Blending a little old with a lot of bold, Empire State South conquers new Southern territory
“This is so pretty I'd wear like a brooch.” That’s what my wife, Blair, said when her entrée of bay scallops arrived on an alabaster wave of pureed cauliflower. “Cynthia Wong is a badass.” That’s what I said, later that same night, when I bit into a button of maple flan, shawled in a Tokay-spiked caramel.
A dozen years have passed since Hugh Acheson opened Five & Ten, a white-tablecloth
restaurant in Athens, Georgia, with a bare-knuckle approach to flavors. He built his reputation paying homage to the South without bowing to provincial ways. That thinking led to dishes like cornmeal-dusted sweetbreads with tarragon jus and grits custard. And bourbon lobster bisque. And a palate cleanser of cubed watermelon sprinkled with cayenne, inspired by Mexican street food vendors.

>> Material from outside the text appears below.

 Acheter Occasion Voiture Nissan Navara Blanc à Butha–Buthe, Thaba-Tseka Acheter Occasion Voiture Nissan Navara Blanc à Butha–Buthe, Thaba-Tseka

At Empire State South, Acheson’s newest restaurant, set, incongruously, on the ground floor of a bank building in Midtown Atlanta, Ryan Smith is the insurgent with his grip on the skillet. You already know Wong, the pastry chef. And you should get to know the sommelier, Steven Grubbs. A madman with a yen for Rieslings and Barolos, he has a talent for touting bottles that manage to be both cheaper and better than you expected.
Acheson originally billed the restaurant as a newfangled meat-and-three, the sort of place where diners could relish a smothered pork chop or a fiddler catfish fillet, paired with sides like braised collards, stone-ground grits, and fried okra. Sure, he sourced better ingredients than the average joint. But the formula was much the same.
Under the leadership of Smith and Wong, Empire State South has gone well beyond the meat-and-three conceit. Other restaurants, inspired by recipes and techniques lifted from antebellum receipt books and plantation ledgers, are making their reps by interpreting various Southern pasts. Instead, Empire State stages expositions of contemporary regional foodways.